The two previous cases set up the arguments in the current case, R (Nicklinson) v Ministry of Justice. This concerns three conjoined cases. The first is brought on behalf of Tony Nicklinson, who recently died. The second is brought by Paul Lamb. Lamb is and Nicklinson was unable to commit suicide even with assistance and would require another to terminate their lives. The arguments on their behalf contend that a blanket ban against assisted suicide breaches their right under article 8(1) to determine when they die and is not proportionate. The third claim is brought by an individual known only as ‘Martin’. He can end his own life with assistance but has no close relatives able to assist him. He would require the assistance of a medical professional and is arguing that the DPP’s guidance on when prosecutions will be brought is still unclear in relation to health professionals.
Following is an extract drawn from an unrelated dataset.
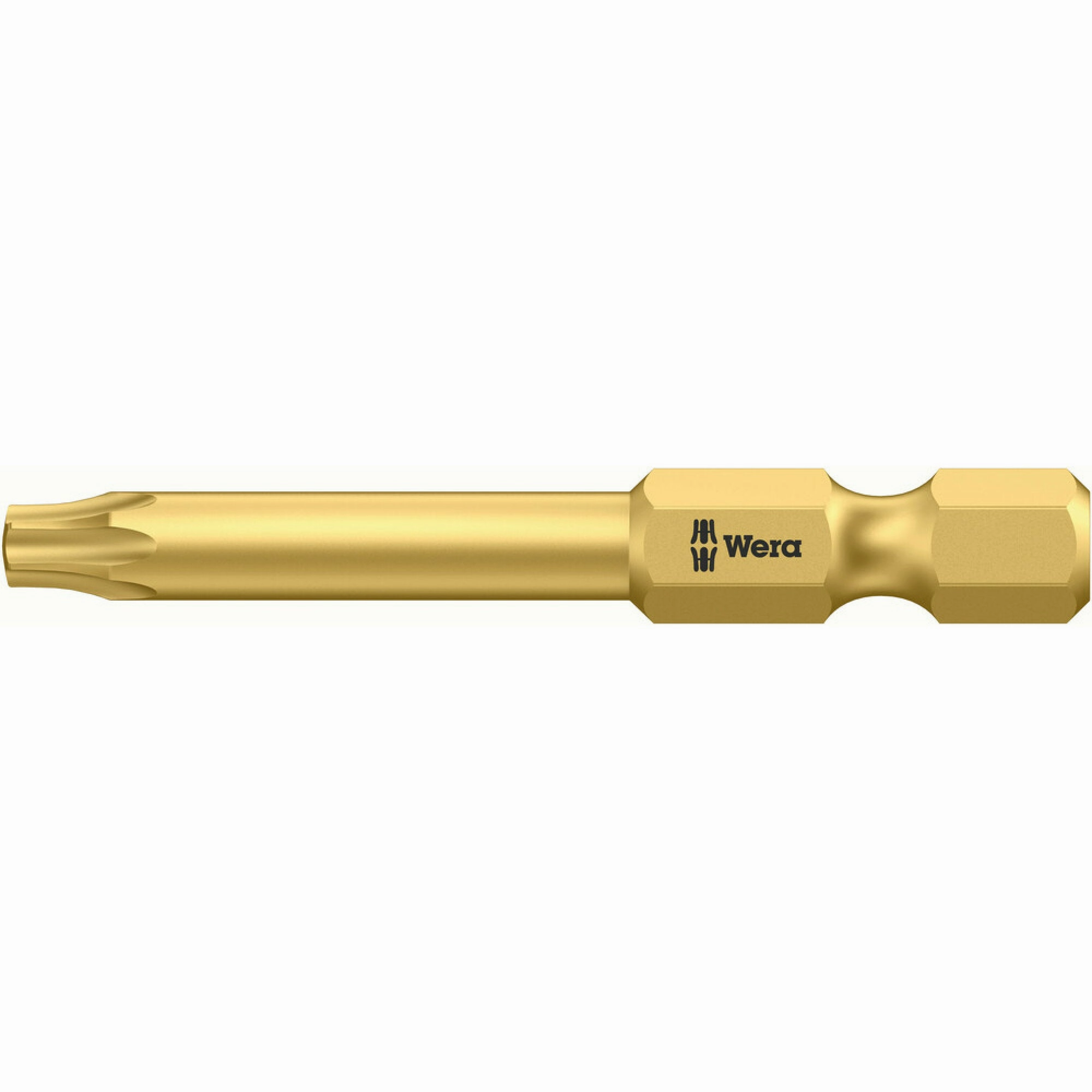 Wera 867/4 TORX HF bits with holding function, TX 15 x 50 mm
All three were unsuccessful in the High Court. In the Court of Appeal, Nicklinson’s and Lamb’s appeals were dismissed. The Court of Appeal held that the ban was proportionate for the same reasons given in Pretty; it was inappropriate to give rights beyond article 8(1) because it would be against the will of Parliament, who had expressed its opposition to assisted suicide through the Suicide Act 1961. It was for Parliament to change the law, not the courts.

Martin’s appeal was successful. The Court of Appeal agreed that the DPP’s policy was not sufficiently clear in relation to medical professionals assisting suicide. The DPP appealed this decision. The Supreme Court has considered all the issues together.

Thoughts on the Case

It is likely that the Supreme Court will agree with the Court of Appeal. It would be surprising if it concludes there is a right to die. What is more likely is that it confirms the issue is for Parliament to decide, not the courts. Nevertheless, the Court is taking the matter very seriously. It sat as a panel of nine. Only the most important legal cases demand a panel of nine Supreme Court Justices. Ordinarily cases are heard by five Justices. More important cases are heard by seven Justices. The most important cases of all are heard by nine Justices.
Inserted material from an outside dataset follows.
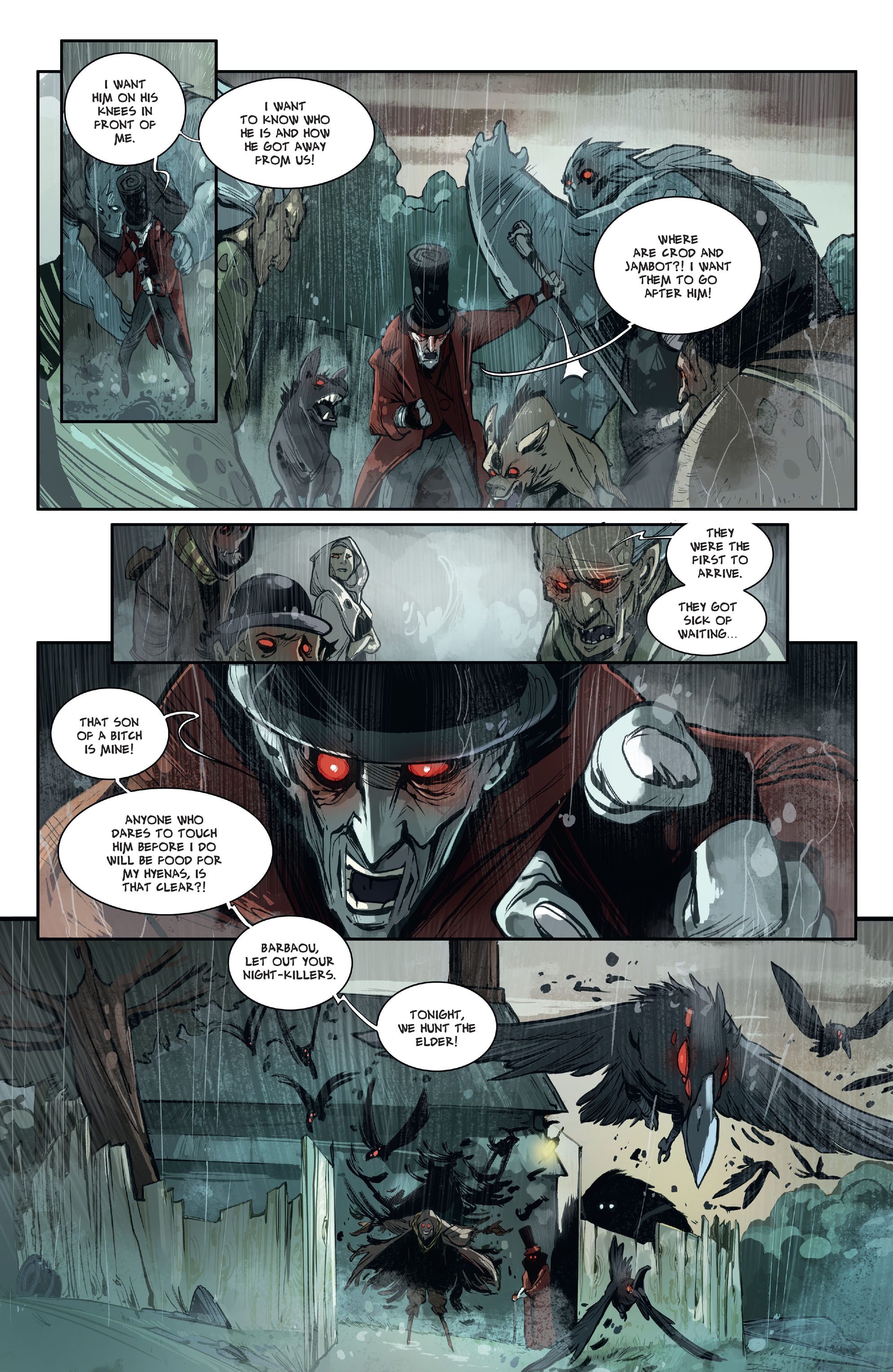 Read online The Boogyman comic -  Issue #2 - 23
If, as predicted, the Supreme Court decides tomorrow that the matter is an issue for Parliament, it will be down to Parliament to decide if it will legislate to allow assisted suicide. It may get the opportunity to consider that later this year, when Lord Falconer’s Assisted Dying Bill receives further consideration. This is based on the system in Oregon, United States, where assisted suicide is permissible.

What are your thoughts? Should we allow assisted suicide?